Ms Greening will visit the academy, as well as the site of a 92-bed treatment facility in Kerry Town, which is in the final stages of being constructed, for about two days.

Before embarking on the six-hour flight on the Boeing 737-600, Ms Greening said: “Halting the disease in West Africa is the most effective way of preventing Ebola infecting people here in the UK.

“That is why we are providing 700 treatment beds in Sierra Leone, sending vital supplies such as chlorine and protective clothing and training hundreds of health workers.

“I look forward to seeing for myself how British Army medics and engineers, as well as our humanitarian and health workers, are spearheading the UK’s efforts to contain and ultimately defeat Ebola.”

The UK is sending 750 military personnel, including the Navy’s RFA Argus.

Mark Goldring, chief executive of Cowley-based charity Oxfam, has called for more troops, funding and medical staff to be made available to combat Ebola.

Mr Goldring said there was a window of less than two months available to curb the spread of the deadly virus and there remained a “crippling shortfall” in military personnel to provide logistical support across West Africa.

He added: “We are in the eye of a storm. We cannot allow Ebola to immobilise us in fear, but instead we must move towards a common mission to stop it from getting worse.

“Countries that have failed to commit troops, doctors and enough funding are in danger of costing lives.”

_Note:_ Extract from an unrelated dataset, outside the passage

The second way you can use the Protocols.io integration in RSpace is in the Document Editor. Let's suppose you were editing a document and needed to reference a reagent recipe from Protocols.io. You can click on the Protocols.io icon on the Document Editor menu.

Yesterday the European Commission announced its intention to mobilise funds from the Horizon 2020 research fund for clinical trials for a vaccine like one at the Jenner Institute at Headington’s Churchill Hospital.

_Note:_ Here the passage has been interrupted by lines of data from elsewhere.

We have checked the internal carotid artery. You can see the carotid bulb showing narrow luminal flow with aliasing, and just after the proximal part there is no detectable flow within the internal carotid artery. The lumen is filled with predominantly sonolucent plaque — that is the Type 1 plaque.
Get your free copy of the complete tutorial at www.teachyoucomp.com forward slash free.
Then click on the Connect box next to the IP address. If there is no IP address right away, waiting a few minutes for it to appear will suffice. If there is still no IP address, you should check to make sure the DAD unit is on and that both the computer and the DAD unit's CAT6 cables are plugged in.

The commission is working with the World Health Organisation and the European Medicines agency to define the most useful research to spend funds on.

Last month mum-of-two Ruth Atkins, from Marcham, near Abingdon, became the first person in the world to be injected with an Ebola gene as part of the battle against the deadly virus. She was one of 60 people who will be given a trial vaccine for the virus at Churchill Hospital’s Centre for Clinical Vaccinology and Tropical Medicine.

The latest epidemic has killed about 4,500 people, prompting what the United Nations has called a “health crisis unparalleled in modern times”.